Aim of the exercise
Start at the line with "JBL Bluetooth Speaker Sound" and print every line through the end of the material below. Keep it exact and free of pictures.

Supplied data

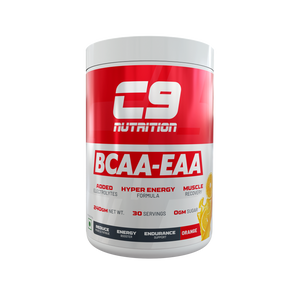 Nutrition BCAA + EAA Powder | 5000mg BCAA, 9000mg EAA | Sugar-Free | 30 Servings | Vegetarian | 300g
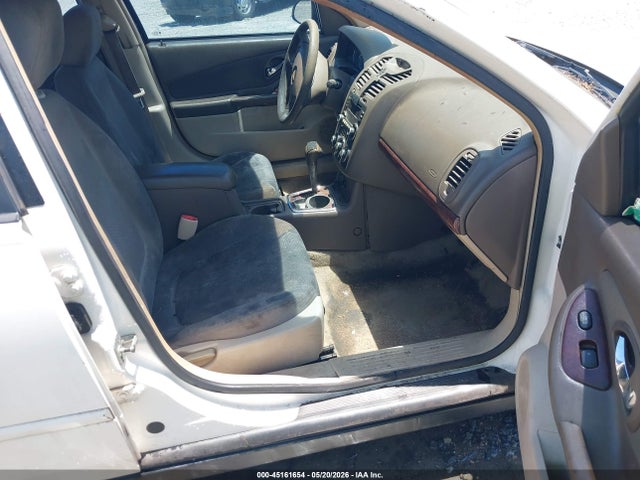 Chevrolet Malibu Ls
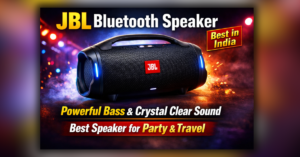 JBL Bluetooth Speaker Sound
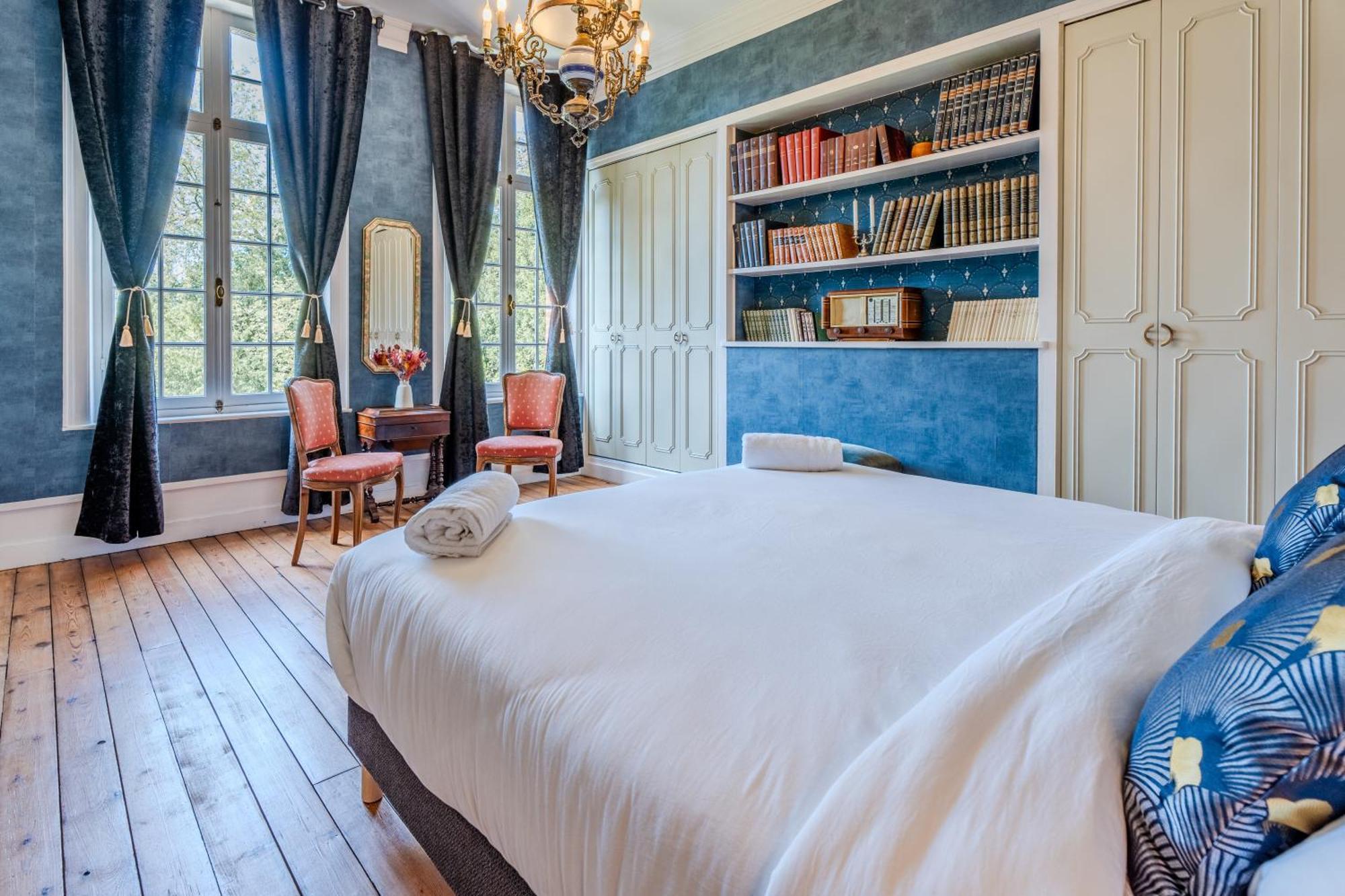 Le Manoir De La Belle Epoque Bed & Breakfast Bethencourt-sur-Mer Ngoại thất bức ảnh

Result of the task
 JBL Bluetooth Speaker Sound
 Le Manoir De La Belle Epoque Bed & Breakfast Bethencourt-sur-Mer Ngoại thất bức ảnh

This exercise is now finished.